Duchenne muscular dystrophy (DMD) is caused by mutations in Dystrophin and affects 1 in 3600–6000 males. It is characterized by progressive weakness leading to loss of ambulation, respiratory insufficiency, cardiomyopathy, and scoliosis. We describe the unusual phenotype of 3 patients with skeletal dysplasias in whom an additional diagnosis of DMD was later established. Two unrelated boys presented with osteogenesis imperfecta due to point mutations in COL1A1 and were both subsequently found to have a 1 bp frameshift deletion in the Dystrophin gene at age 3 and age 15 years, respectively. The third patient had a diagnosis of pseudoachondroplasia caused by a mutation in the COMP gene and was found to have a deletion of exons 48–50 in Dystrophin at age 9. We discuss the atypical presentation caused by the concomitant presence of 2 conditions affecting the musculoskeletal system, emphasizing aspects that may confound the presentation of a well-characterized disease like DMD. Additional series of patients with DMD and a secondary inherited condition are necessary to establish the natural history in this “double trouble” population. The recognition and accurate diagnosis of patients with two independent genetic disease processes is essential for management, prognosis, genetic risk assessment, and discussion regarding potential therapeutic interventions.

Introduction

Duchenne muscular dystrophy (DMD) (OMIM#310200) is an X-linked disorder, caused by mutations in the Dystrophin gene, and affects 1 in 3600–6000 live male births [1], [2]. DMD was first described in the early 19th century, and the causative gene was only identified in 1987 [3], [4]. It is characterized by progressive muscle weakness leading to loss of ambulation, respiratory insufficiency, cardiomyopathy, and scoliosis. Boys typically present at age 3–5 years with evidence of proximal muscle weakness and calf hypertrophy. Diagnosis is made on the clinical presentation, elevated serum creatine kinase (CK) levels, and confirmatory genetic testing of the Dystrophin gene. In a small number of patients with intronic splice spite mutations interfering with normal splicing, confirmatory muscle biopsy staining or cDNA studies may be necessary.

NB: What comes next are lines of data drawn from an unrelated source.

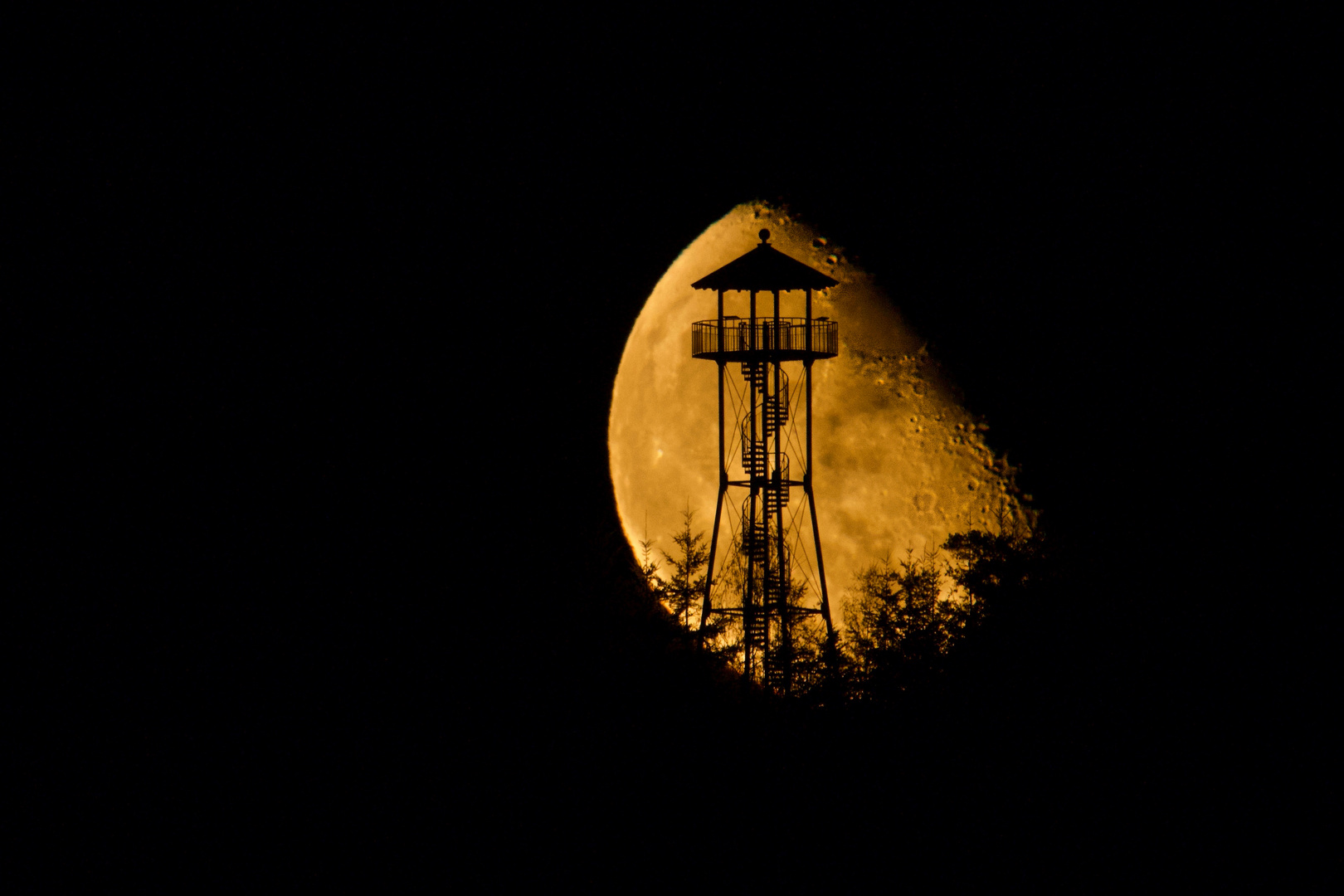 Geigerskopfturm vor rötlichem Mond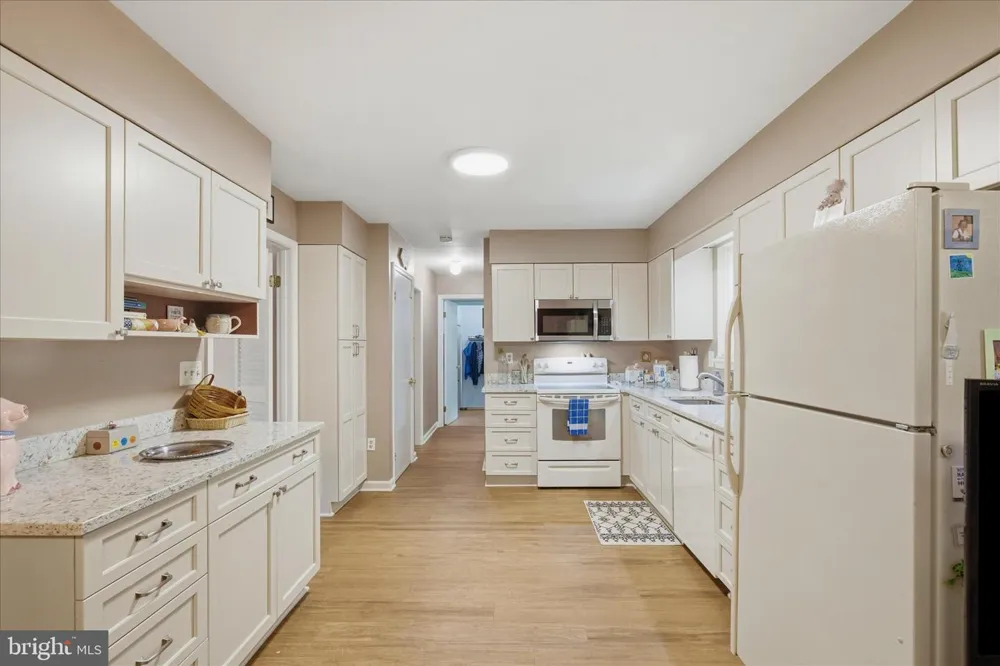 9810 GOLDEN RUSSET DRIVE Dunkirk, MD 20754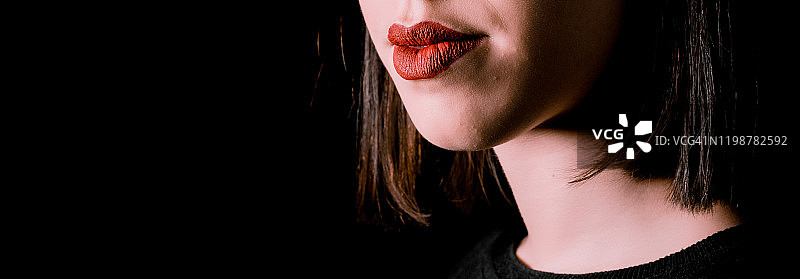 女人的舌头、牙齿和嘴唇图片素材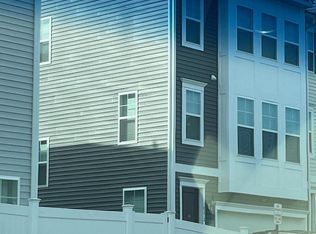 18212 Summit Pointe Dr, Triangle, VA 22172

Immunohistochemistry on muscle biopsy tissue shows an absence of dystrophin, a large membrane-associated protein essential for muscle cell stabilization [5]. Frameshifting or terminating deletions and mutations are typically associated with the severe Duchenne phenotype, while frame-preserving deletions are typically associated with the milder Becker muscular dystrophy phenotype.

The clinical presentation of a well characterized disorder such as DMD may be masked and initially overlooked by the presence of another disorder of the musculoskeletal system. We present three patients with the rare combination of a hereditary skeletal dysplasia whose DMD diagnosis was delayed, illustrating the diagnostic challenges of their confounding phenotype.